Now, as his collegiate career fades into the background and he comes face-to-face with the opportunity of preparing for a tryout with an NFL team, Hughes is back to that rigid schedule.
“I’m working twice as hard,” said Hughes. “I owe it to myself. I’ve been playing football my whole life. I have been around it, it’s something I’ve always known. I have to see if I can make it.”
Making it, of course, means enjoying a career in the National Football League. And Hughes is just one of more than a dozen former Bulldogs, a group that helped turn MSU into the No. 1 team in the country for five weeks in 2014, trying to do the same thing.
A safety, Hughes finished his MSU career with 70 total tackles, and he started all 13 games during his senior season. He finished his final year with a pair of interceptions, including a pick of Auburn’s Nick Marshall early in the game that vaulted the Bulldogs to becoming the nation’s top-ranked team.
“That was special,” said Hughes.
But now, with the draft barreling down on him, Hughes is hard at awork, training on a daily basis in his hometown of Hattiesburg as he works to secure a future at the next level.
“I’ve been in Hattiesburg, putting the work in,” said Hughes. “I’m really focused right now. With every rep, I’m pushing harder than I’ve ever pushed. I’m not even taking breaks anymore. I’m pushing through everything, trying to give myself this shot.”
A self-aware player, Hughes doesn’t hold illusions that his name will be called early in the NFL Draft, which begins next Thursday in Chicago. Instead, he realistically believes he will get a shot at becoming an undrafted free agent.

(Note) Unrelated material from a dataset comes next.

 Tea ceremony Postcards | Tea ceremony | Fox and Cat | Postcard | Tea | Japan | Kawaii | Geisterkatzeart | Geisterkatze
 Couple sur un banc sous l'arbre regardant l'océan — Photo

“I just want one phone call from a team,” said Hughes. “I probably won’t even watch the draft, I will just keep my phone close by and if a team calls me to tell me they’re interested. We will go from there. I just want one opportunity, want one team to give me that chance.”

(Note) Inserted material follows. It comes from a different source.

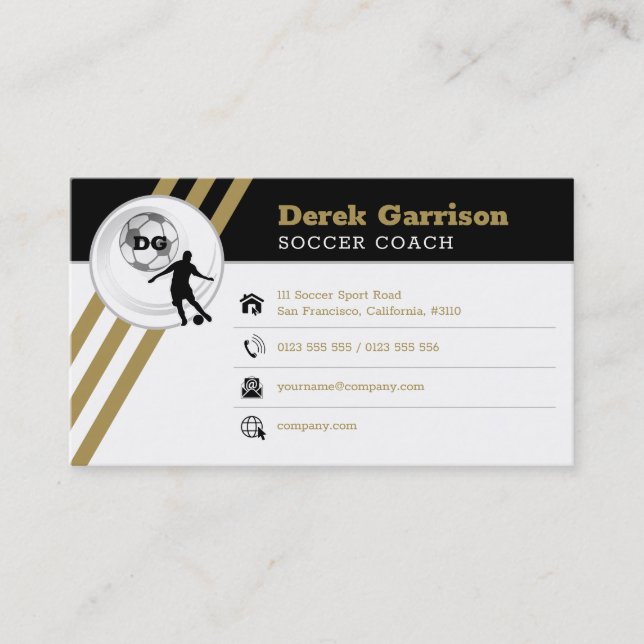 Carte De Visite Soccer | Football Sports Coach (Devant)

Don’t think it can’t happen.
Of the NFL’s 1,800-plus players in 2014, 426 never heard their name called during the draft. That total includes 74 rookies, and historically, 15 eventual hall-of-famers went undrafted.
There’s a precedent in Starkville, too. Since Dan Mullen became MSU’s coach in December of 2008, 18 players have signed rookie free agent deals after going undrafted, and several have had staying power.
Former MSU team captain Cam Lawrence has carved out a career as a backup linebacker and special teams contributor with the Dallas Cowboys. Fellow linebacker Chris White, a 2011 MSU graduate, has done the same thing in Buffalo. Then there’s 2014 graduate Deonte Skinner, a former Noxubee County standout, who signed with the New England Patriots last year. Skinner is currently being fitted for a championship ring after the Patriots won their fourth Super Bowl in 14 years.
‘Give me that shot’
Hughes isn’t alone. While he and teammate Robert Johnson, who had 14 catches for 227 yards and a touchdown as a senior, report daily to Oak Grove High for individual workouts under the watchful eye of a personal trainer, other Bulldogs are repeating the ritual all over the country.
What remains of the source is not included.